Always Money for War, Executive Bailouts, but No Pension Bailouts

The U.S. Government, both political parties included, always finds funding for another war or an expansion of existing wars. Even if it means borrowing from foreign governments and placing the debt burden on future generations of U.S. citizens, the wars must go on.

The same is true with regard to bank bailouts and trillions of dollars of financing for speculative debt, as in derivative investments. No price is too large to pay to help billionaires remain as billionaires and millionaires as millionaires. In this process, multimillion dollar individual bonuses are par for the course.

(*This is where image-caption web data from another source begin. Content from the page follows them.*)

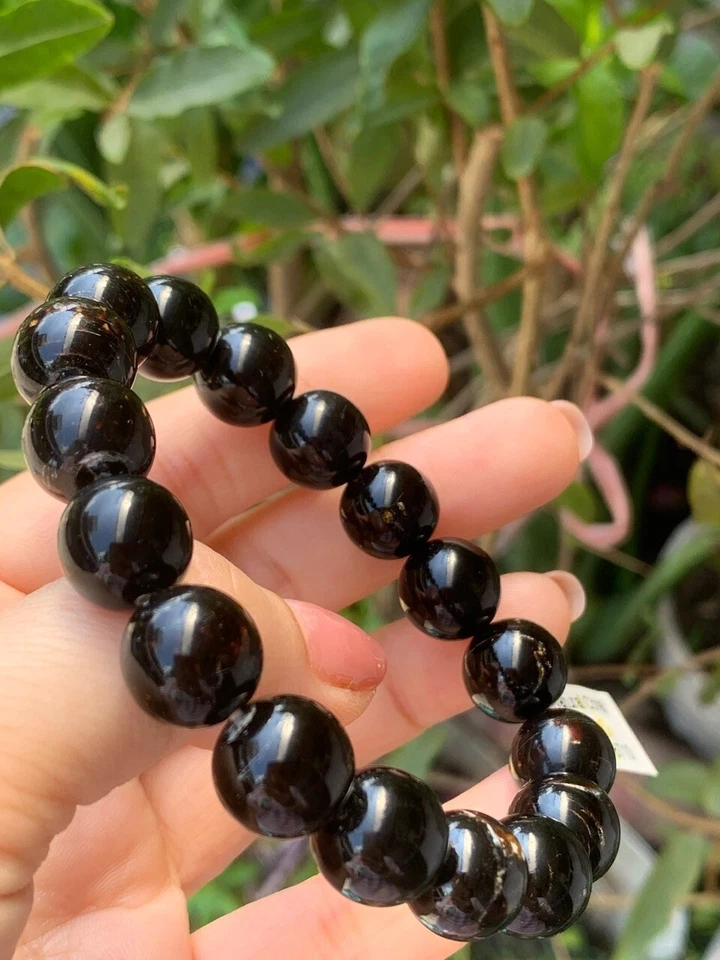 Natural Black Coral 11.5mm bead bracelet, -Wrist 16.5mm, Certificate - Image 3 of 4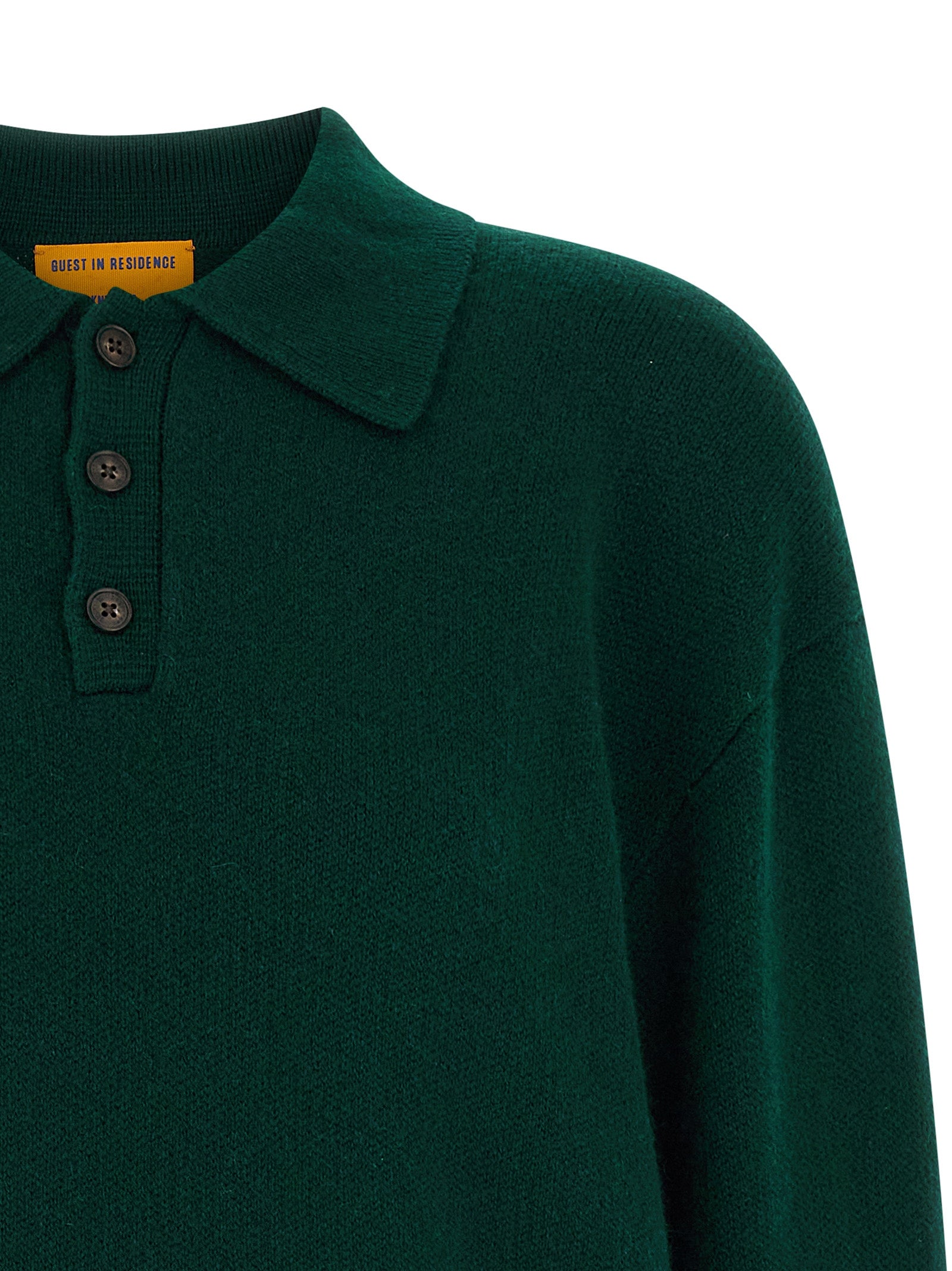Polo Shirt by Guest in Residence for women in cashmere bicolour & green features a eye catching silhouette, showcasing a refined and for a eye catching finish.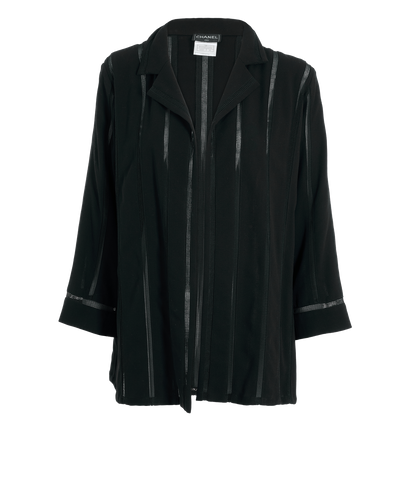 Chanel 99P Stripes Cardigan, &pound;395, Clothing, Black, Wool, Front view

And executives who end up losing their jobs after a period of subpar performance always end up with golden parachutes worth millions of dollars to ease their slide into the world of the unemployed.

However, if you worked for a wage for decades for an automaker or an airline or other business, and that business reaches a position of financial difficulty, not only is your job at stake, but so is your retirement pension. Your health benefits, too, can disappear into the ether as soon as a bankruptcy court or the Congress intervenes to keep your company afloat. Companies are important and they count in the accounting for the economy by the government. Employees and pensions are considered liabilities and discarded as such.

Millions of American workers are at risk of losing all the retirement benefits they earned according to work contracts. Companies build up huge debts, that can include retirement expenses for past and current employees, and then they dump those contracts when financial trouble appears. Better to drop employee retirements for those working thirty years than to drop the golden parachute payouts for executives who come in like mercenaries to reshuffle the company books and they parachute off to retirement.

Barack Obama offers no change in this regard. He wants to keep the economy afloat by shoring up the top-heavy structure of finance and executive business administration across the board. But the pensions are off the table. Of course, Obama sympathizes with the workers and knows how tough their situation is. But there just is not enough money to go around, and the priorities are set.

If Americans want change they can believe in, they need to make sure the government bails out pension plans first and executives last.